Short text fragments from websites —
⁂

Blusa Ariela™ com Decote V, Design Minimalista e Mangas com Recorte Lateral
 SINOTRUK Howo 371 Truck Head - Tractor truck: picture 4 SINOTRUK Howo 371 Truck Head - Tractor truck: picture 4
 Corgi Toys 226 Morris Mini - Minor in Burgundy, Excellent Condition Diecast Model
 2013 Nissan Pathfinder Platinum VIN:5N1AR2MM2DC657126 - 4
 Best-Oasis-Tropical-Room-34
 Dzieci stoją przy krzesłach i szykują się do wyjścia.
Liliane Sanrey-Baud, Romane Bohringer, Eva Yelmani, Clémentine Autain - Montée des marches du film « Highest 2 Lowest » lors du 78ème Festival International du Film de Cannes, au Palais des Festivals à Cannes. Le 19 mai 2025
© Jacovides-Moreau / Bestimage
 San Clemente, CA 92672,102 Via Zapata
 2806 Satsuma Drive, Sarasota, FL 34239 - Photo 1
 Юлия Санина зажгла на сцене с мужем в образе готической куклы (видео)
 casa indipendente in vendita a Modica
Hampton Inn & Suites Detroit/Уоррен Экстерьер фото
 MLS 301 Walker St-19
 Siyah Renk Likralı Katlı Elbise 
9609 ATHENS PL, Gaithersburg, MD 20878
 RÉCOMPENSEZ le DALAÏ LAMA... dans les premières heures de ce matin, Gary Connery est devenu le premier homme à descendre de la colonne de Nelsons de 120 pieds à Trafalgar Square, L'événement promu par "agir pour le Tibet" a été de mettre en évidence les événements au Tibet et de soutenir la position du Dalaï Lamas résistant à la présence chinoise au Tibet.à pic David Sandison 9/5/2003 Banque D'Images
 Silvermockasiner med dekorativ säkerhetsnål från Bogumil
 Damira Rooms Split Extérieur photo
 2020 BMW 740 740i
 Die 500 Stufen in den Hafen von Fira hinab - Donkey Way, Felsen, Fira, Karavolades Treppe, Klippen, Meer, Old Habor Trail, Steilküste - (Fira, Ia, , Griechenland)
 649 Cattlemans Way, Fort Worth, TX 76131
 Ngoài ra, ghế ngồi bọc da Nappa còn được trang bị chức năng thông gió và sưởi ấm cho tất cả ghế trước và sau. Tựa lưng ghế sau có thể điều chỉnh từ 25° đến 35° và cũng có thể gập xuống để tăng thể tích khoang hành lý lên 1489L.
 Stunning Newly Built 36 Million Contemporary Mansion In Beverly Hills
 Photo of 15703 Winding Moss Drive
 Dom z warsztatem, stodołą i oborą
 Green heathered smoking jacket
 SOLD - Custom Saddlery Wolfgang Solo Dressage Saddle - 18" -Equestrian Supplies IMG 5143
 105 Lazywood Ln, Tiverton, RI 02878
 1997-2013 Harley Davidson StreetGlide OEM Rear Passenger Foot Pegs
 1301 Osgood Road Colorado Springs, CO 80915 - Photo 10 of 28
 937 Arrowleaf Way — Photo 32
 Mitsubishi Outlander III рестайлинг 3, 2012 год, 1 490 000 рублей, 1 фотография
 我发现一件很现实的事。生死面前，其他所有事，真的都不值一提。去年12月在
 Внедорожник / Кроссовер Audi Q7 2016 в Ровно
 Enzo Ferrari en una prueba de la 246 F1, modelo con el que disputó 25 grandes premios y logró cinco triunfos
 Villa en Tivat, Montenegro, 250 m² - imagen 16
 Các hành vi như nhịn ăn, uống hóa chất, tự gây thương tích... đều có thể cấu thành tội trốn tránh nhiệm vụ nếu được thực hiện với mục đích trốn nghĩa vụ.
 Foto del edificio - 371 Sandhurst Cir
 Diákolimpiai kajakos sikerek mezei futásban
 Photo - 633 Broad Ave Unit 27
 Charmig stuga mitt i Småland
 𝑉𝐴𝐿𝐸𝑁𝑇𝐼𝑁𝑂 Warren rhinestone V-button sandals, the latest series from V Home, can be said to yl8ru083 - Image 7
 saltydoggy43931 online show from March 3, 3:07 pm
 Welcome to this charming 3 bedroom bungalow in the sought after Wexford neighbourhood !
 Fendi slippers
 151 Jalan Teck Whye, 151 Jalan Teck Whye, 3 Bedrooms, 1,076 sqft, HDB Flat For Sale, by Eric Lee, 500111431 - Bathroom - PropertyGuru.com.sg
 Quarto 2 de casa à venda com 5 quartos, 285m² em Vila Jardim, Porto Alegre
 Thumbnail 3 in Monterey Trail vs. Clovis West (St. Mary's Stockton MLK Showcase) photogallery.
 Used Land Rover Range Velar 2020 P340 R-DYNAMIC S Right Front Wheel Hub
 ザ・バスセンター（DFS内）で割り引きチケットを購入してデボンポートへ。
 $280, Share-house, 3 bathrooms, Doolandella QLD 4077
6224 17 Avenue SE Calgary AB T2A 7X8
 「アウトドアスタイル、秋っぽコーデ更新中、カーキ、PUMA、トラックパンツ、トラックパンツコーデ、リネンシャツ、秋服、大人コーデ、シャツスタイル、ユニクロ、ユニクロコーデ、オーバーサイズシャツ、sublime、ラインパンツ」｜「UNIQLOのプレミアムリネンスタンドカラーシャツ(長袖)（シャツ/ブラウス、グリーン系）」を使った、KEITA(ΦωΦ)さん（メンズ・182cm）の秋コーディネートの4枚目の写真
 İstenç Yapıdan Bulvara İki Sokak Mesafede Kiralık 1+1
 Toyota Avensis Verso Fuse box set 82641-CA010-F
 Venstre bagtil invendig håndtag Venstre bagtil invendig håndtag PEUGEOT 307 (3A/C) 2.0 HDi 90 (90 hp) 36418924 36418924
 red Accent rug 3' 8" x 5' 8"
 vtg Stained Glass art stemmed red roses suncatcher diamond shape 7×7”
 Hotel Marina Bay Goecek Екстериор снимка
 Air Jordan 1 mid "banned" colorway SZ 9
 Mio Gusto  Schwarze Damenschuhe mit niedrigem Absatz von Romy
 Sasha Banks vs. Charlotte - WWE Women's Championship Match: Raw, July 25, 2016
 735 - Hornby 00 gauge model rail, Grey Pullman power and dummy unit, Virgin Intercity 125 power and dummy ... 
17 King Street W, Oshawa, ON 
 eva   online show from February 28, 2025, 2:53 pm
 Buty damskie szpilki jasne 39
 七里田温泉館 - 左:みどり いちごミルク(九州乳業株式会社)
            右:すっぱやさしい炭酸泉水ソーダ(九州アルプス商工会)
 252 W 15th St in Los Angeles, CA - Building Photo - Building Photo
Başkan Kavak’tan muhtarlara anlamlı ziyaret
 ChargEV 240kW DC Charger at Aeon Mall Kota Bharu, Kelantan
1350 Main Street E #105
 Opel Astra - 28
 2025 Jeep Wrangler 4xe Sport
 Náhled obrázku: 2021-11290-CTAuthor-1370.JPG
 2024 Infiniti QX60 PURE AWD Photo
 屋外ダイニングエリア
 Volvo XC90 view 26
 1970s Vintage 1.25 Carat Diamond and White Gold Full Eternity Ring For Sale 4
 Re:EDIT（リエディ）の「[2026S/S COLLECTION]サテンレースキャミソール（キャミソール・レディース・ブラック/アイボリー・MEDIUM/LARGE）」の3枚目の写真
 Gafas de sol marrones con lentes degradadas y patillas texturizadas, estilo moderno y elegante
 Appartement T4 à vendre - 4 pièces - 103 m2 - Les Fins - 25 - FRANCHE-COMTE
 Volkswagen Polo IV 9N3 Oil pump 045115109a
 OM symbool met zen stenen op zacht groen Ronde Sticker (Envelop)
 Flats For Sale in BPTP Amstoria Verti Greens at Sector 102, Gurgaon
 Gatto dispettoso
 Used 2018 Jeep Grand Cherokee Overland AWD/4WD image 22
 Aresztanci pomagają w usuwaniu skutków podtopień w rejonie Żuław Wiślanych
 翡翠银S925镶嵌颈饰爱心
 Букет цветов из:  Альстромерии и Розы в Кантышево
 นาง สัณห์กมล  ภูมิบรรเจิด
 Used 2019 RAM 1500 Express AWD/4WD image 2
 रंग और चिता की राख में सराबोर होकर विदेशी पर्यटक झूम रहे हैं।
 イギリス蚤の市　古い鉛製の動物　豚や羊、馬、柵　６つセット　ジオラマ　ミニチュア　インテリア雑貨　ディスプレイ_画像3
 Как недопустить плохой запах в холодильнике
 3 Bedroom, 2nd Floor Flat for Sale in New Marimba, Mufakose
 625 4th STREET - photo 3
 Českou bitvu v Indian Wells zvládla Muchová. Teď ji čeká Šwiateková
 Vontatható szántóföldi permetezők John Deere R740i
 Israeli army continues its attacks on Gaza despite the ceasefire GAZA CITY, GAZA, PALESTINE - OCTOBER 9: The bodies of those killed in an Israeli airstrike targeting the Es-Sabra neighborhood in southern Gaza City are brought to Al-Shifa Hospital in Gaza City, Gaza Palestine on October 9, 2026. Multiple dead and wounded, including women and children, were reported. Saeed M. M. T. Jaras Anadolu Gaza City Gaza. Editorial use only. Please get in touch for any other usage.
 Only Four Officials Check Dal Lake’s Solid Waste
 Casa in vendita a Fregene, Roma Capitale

⁂

Work instruction —
Only what runs from the line containing "Vontatható szántóföldi permetezők" through the final line of the entries above belongs in the answer, restated exactly.

Answer space —
 Vontatható szántóföldi permetezők John Deere R740i
 Israeli army continues its attacks on Gaza despite the ceasefire GAZA CITY, GAZA, PALESTINE - OCTOBER 9: The bodies of those killed in an Israeli airstrike targeting the Es-Sabra neighborhood in southern Gaza City are brought to Al-Shifa Hospital in Gaza City, Gaza Palestine on October 9, 2026. Multiple dead and wounded, including women and children, were reported. Saeed M. M. T. Jaras Anadolu Gaza City Gaza. Editorial use only. Please get in touch for any other usage.
 Only Four Officials Check Dal Lake’s Solid Waste
 Casa in vendita a Fregene, Roma Capitale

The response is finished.